Eric,
Just to test my understanding –
If I have a simple circuit – a 2N2222 switching the current for a RED LED (SAY)
A red LED requires a voltage of at least 1.6V, and I want to minimise the current through the LED to 15 mA then –
12-1.6 = 10.4 V
Ideally you should also subtract the Vce sat voltage , say 0.2V for you example.
12-[1.6+0.2]
10.4V / 0.015 A = 693 ohms ( this is the resistor leading into the collector)
A 680R would be the nearest preferred value.
So for the transistor base current to saturate for the load it needs to be at least a tenth of the load current?
Its usually assumed that the transistor gain is 10 when the transistor is in Vce saturation.
One tenth of the load current is 0.015/10 = 0.0015A
The transistor needs a voltage of at least 0.7 volt to overcome the bias of the transistor.
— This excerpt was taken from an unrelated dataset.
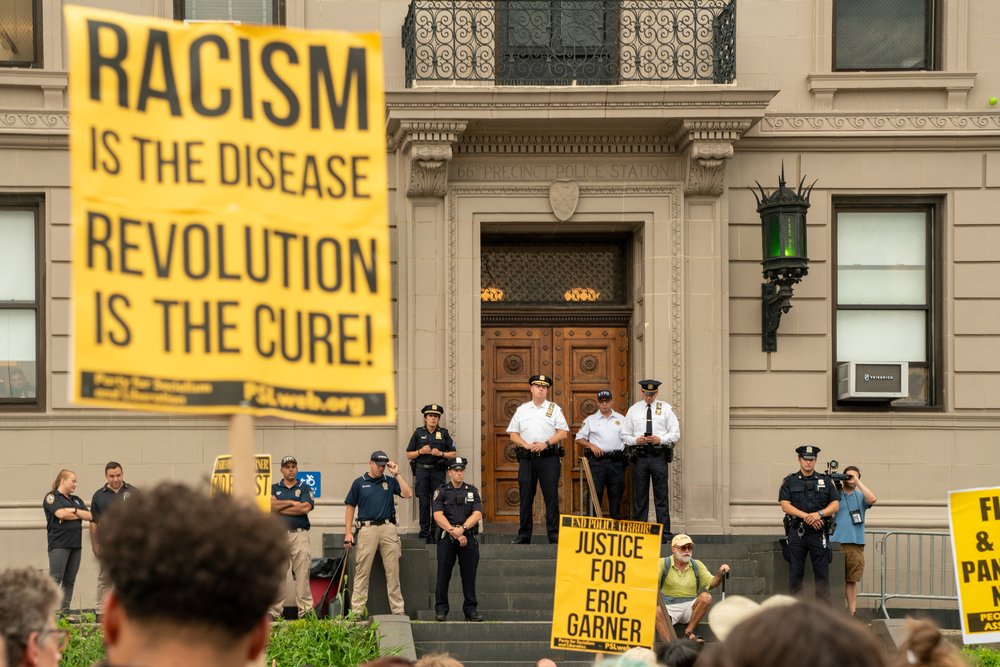 Protesters outside a police precinct in Brooklyn<br>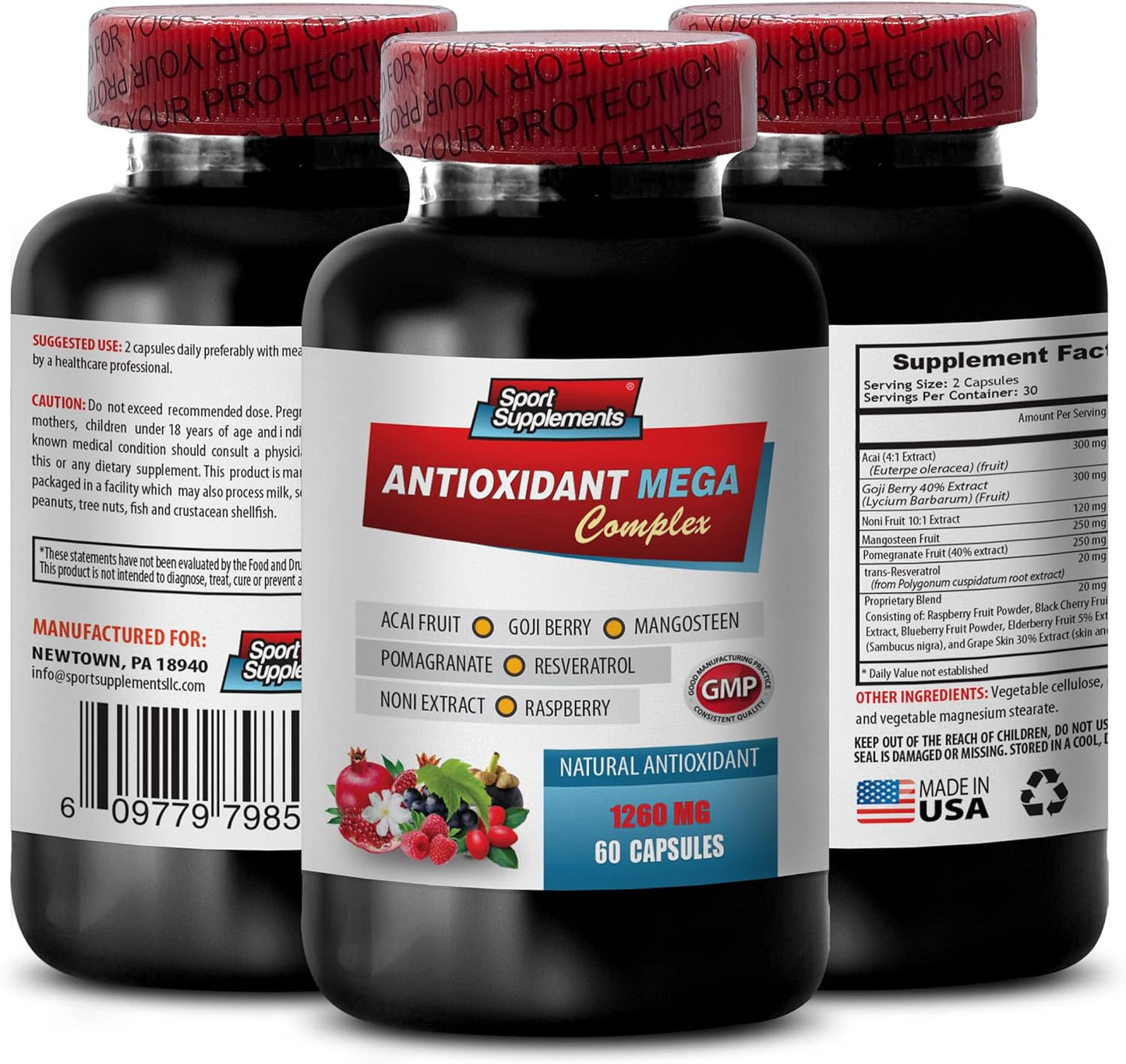 Antioxidant Mega Complex Supplement - 1440mg Resveratrol, Acai, Goji, Pomegranate, Mangosteen - 2B 120 Capsules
This means my base needs 0.7v & 0.0015A to enable saturation for the desired load.
You would not normally tackle the problem this way.
The supply is again 12v, so the resistor between the 12V supply and the base will be
12V – 0.7V = 11.3V
This is the method in common use.
11.3V/0.0015A = 7553 ohms.
Would this work??
Yes, I would use a 6800R , preferred value
Regards
Mark